BEGIN
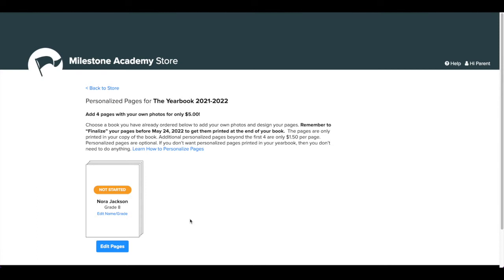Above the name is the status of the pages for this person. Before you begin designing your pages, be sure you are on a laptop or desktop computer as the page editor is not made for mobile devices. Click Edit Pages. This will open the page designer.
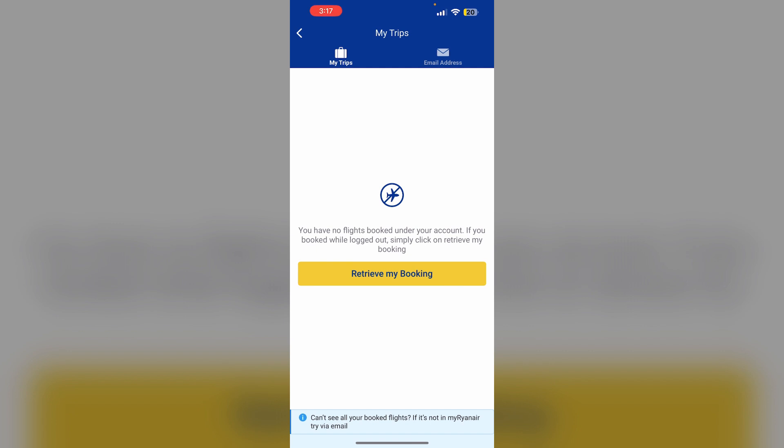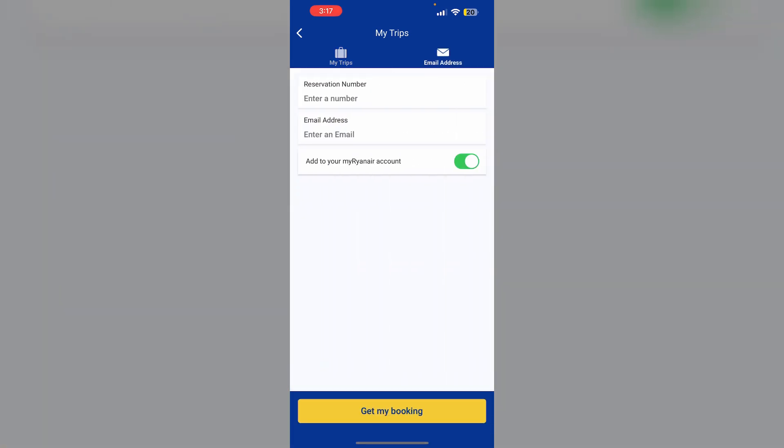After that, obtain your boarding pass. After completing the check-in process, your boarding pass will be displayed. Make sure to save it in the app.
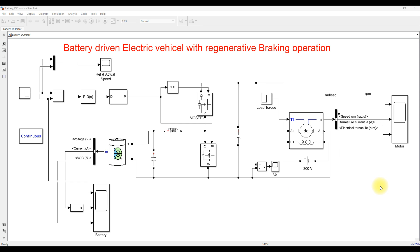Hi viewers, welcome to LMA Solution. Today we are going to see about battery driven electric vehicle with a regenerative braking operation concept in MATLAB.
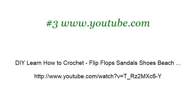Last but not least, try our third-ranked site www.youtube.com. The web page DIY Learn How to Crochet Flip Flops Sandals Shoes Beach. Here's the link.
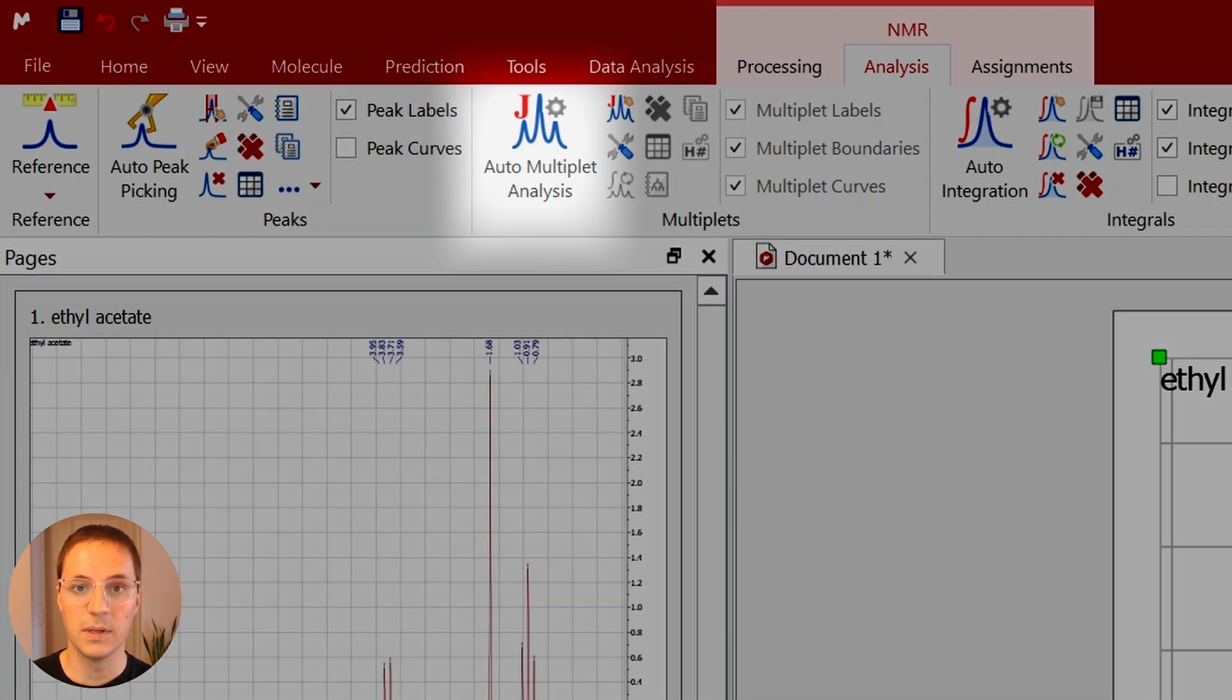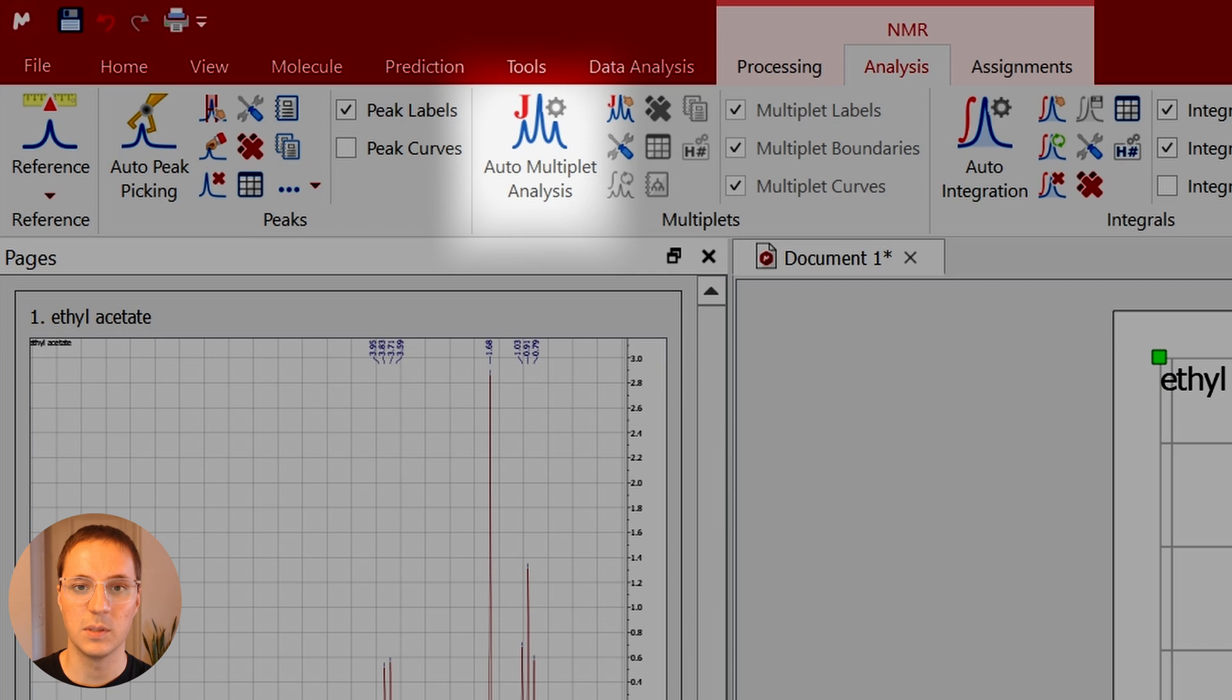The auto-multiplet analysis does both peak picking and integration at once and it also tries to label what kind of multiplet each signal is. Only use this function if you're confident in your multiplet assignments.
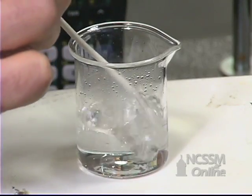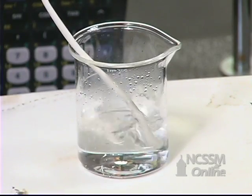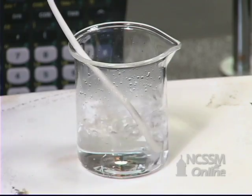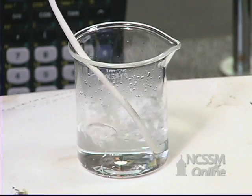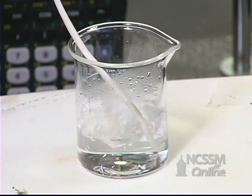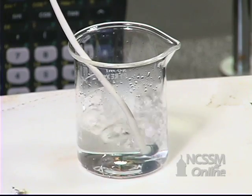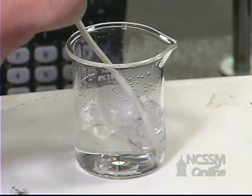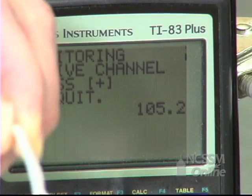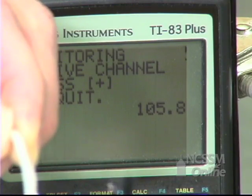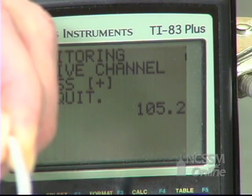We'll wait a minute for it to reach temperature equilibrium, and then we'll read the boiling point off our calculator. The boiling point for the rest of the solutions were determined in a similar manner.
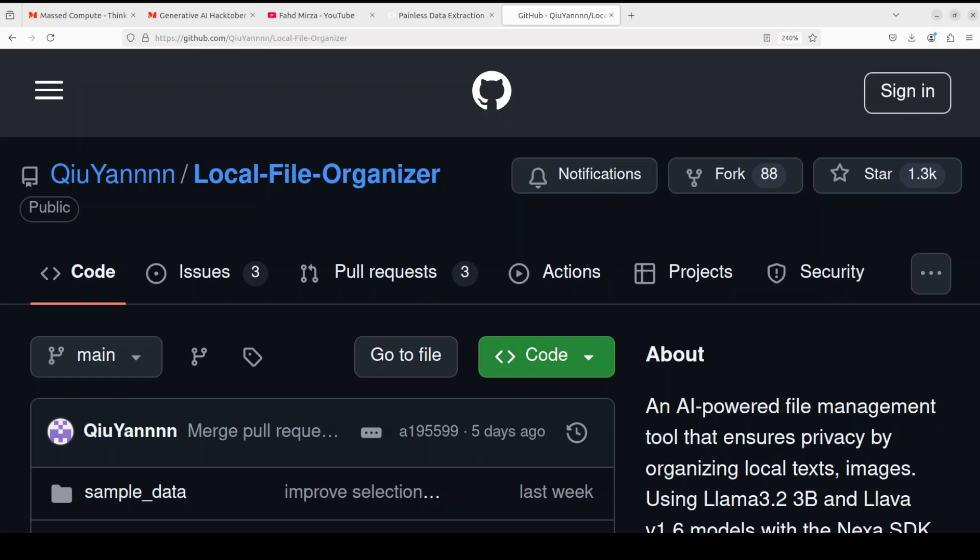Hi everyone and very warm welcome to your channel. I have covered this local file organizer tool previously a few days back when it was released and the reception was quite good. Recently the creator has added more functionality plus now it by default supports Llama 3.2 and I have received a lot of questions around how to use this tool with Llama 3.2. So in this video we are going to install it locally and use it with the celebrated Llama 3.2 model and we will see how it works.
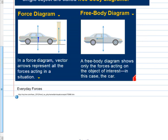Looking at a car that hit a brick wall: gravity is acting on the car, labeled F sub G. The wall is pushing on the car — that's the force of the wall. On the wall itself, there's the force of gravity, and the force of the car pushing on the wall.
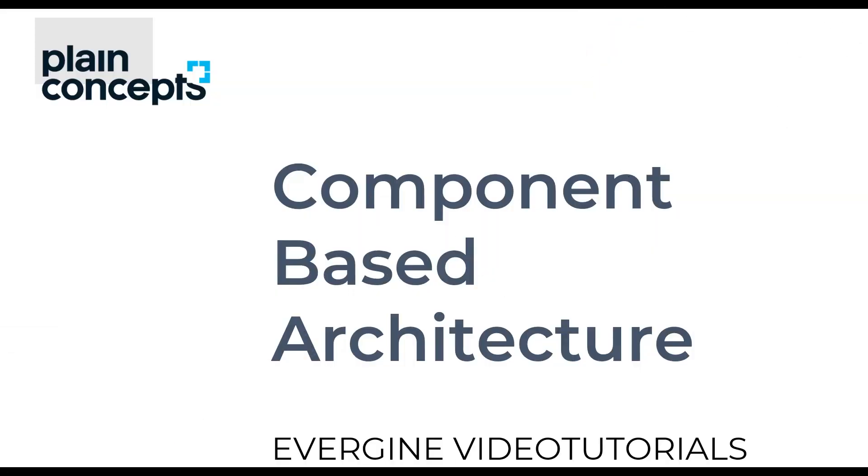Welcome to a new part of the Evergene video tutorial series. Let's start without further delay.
END
EXERCISE DIRECTIONS:
Repeat nothing but the lines from the one containing "The auto-multiplet analysis" through the end of the entries, exactly, and skip the pictures.

WRITTEN RESPONSE:
The auto-multiplet analysis does both peak picking and integration at once and it also tries to label what kind of multiplet each signal is. Only use this function if you're confident in your multiplet assignments.
We'll wait a minute for it to reach temperature equilibrium, and then we'll read the boiling point off our calculator. The boiling point for the rest of the solutions were determined in a similar manner.
Hi everyone and very warm welcome to your channel. I have covered this local file organizer tool previously a few days back when it was released and the reception was quite good. Recently the creator has added more functionality plus now it by default supports Llama 3.2 and I have received a lot of questions around how to use this tool with Llama 3.2. So in this video we are going to install it locally and use it with the celebrated Llama 3.2 model and we will see how it works.
Looking at a car that hit a brick wall: gravity is acting on the car, labeled F sub G. The wall is pushing on the car — that's the force of the wall. On the wall itself, there's the force of gravity, and the force of the car pushing on the wall.
Welcome to a new part of the Evergene video tutorial series. Let's start without further delay.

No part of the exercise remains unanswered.